_Exercise goal:_ The output should consist solely of the lines running from the one that contains "this 600×400 image." through the end of the records below, copied exactly.

Start of Block

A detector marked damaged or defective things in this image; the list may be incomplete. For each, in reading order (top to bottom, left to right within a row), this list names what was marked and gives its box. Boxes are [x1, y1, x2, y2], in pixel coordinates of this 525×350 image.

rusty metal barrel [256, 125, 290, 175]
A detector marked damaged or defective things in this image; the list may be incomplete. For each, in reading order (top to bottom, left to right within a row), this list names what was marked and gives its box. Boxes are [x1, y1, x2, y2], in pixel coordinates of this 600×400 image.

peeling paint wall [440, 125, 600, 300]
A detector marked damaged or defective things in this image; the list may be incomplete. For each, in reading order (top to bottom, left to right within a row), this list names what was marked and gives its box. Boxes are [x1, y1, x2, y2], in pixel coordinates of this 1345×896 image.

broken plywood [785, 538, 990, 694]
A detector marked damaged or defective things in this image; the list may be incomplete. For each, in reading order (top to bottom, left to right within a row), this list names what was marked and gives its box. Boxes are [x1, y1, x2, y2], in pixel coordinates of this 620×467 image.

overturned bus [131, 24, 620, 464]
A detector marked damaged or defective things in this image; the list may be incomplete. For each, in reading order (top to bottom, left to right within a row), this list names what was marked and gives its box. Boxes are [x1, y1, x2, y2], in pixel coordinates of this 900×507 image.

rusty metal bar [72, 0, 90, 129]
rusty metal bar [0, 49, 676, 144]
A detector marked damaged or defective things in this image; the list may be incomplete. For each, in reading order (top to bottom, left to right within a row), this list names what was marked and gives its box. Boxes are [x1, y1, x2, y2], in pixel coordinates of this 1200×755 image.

End of Block

_Your solution:_
A detector marked damaged or defective things in this image; the list may be incomplete. For each, in reading order (top to bottom, left to right within a row), this list names what was marked and gives its box. Boxes are [x1, y1, x2, y2], in pixel coordinates of this 600×400 image.

peeling paint wall [440, 125, 600, 300]
A detector marked damaged or defective things in this image; the list may be incomplete. For each, in reading order (top to bottom, left to right within a row), this list names what was marked and gives its box. Boxes are [x1, y1, x2, y2], in pixel coordinates of this 1345×896 image.

broken plywood [785, 538, 990, 694]
A detector marked damaged or defective things in this image; the list may be incomplete. For each, in reading order (top to bottom, left to right within a row), this list names what was marked and gives its box. Boxes are [x1, y1, x2, y2], in pixel coordinates of this 620×467 image.

overturned bus [131, 24, 620, 464]
A detector marked damaged or defective things in this image; the list may be incomplete. For each, in reading order (top to bottom, left to right within a row), this list names what was marked and gives its box. Boxes are [x1, y1, x2, y2], in pixel coordinates of this 900×507 image.

rusty metal bar [72, 0, 90, 129]
rusty metal bar [0, 49, 676, 144]
A detector marked damaged or defective things in this image; the list may be incomplete. For each, in reading order (top to bottom, left to right within a row), this list names what was marked and gives its box. Boxes are [x1, y1, x2, y2], in pixel coordinates of this 1200×755 image.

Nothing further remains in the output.